A scene from “The Runaways” – Photo: Courtesy

“The Runaways”
(Sony Pictures Home Entertainment/Apparition)

Biopics are always a hit-or-miss proposition, and “The Runaways” is a good case in point. An all-girl (emphasis on “girl,” as the band members were in their teens) rock band that actually played its own instruments and co-wrote its own songs, The Runaways formed in the mid-1970s, a time when such a thing was still on the risky side.

Southern California girls Joan Jett, nee Larkin (Kristen Stewart) and Cherie Currie (Dakota Fanning), who share a love of rock music and coloring outside of the lines, are groomed by record producer/starmaker Kim Fowley (Michael Shannon) to be the next big thing.

With other band members recruited, including Sandy West (Stella Maeve), Lita Ford (Scout Taylor-Compton) and someone – a possible composite? – named Robin (Alia Shawkat), taskmaster Fowley puts the band through their paces and eventually unleashes them on the world. They only caused a ripple stateside, but in Japan they were a tsunami. One scene shows a mob of rabid and screaming Japanese fans shattering a glass wall separating them from the band.

Unprepared for success, the already unstable personalities begin to clash. Cherie, especially, feels pulled in several directions. After being abandoned by her self-absorbed mother (Tatum O’Neal), she feels guilty for having left sister Marie (Riley Keough) behind to care for their alcoholic father. Heading down a path similar to dear old dad’s, Cherie becomes involved in a romantic relationship with Jett. Things come to a head during a recording session where tempers flare and instruments are thrown.

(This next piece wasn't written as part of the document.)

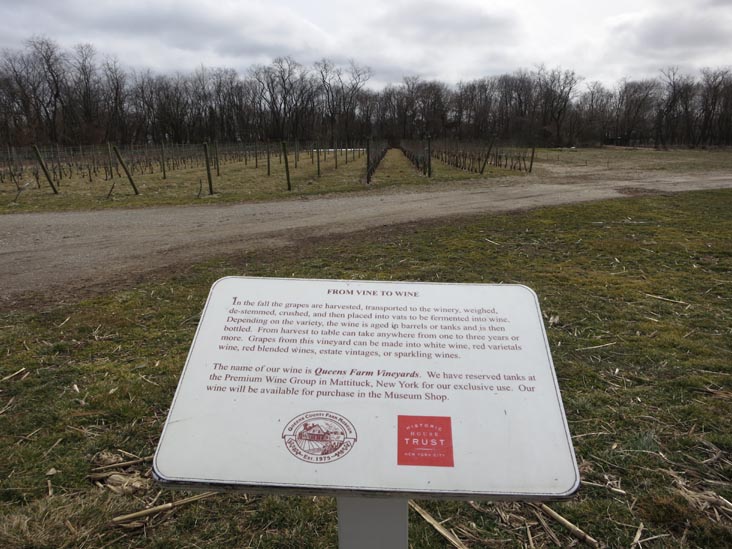Queens County Farm Museum, Glen Oaks, Queens, March 11, 2013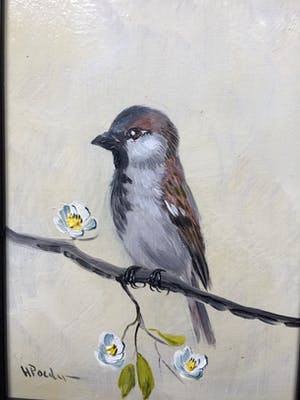 Henk Poeder - Huis mus op tak bij bloemen kopen? Bied vanaf 62!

Since the devil is in the details, it’s interesting that in director/screenwriter Floria Sigismondi’s vision, she gets the fashions, the hairstyles, the make-up, even the cars so right, while she drops the ball on other things. The Runaways were more than just Jett and Currie, but their story is the main focus. This is true to the end of the film. Post band break-up, the two young women who hadn’t spoken to each other for quite some time are reunited on the radio – one as an interview subject, the other as a listener and caller. Kudos, however, to Sigismondi for not shying away from the same-sex love story in The Runaways’ tale.

DVD bonus features include the featurette “Plugged In: Making The Film,” commentary by Joan Jett, Kristen Stewart and Dakota Fanning and more.

“Showgirls”
(MGM/UA)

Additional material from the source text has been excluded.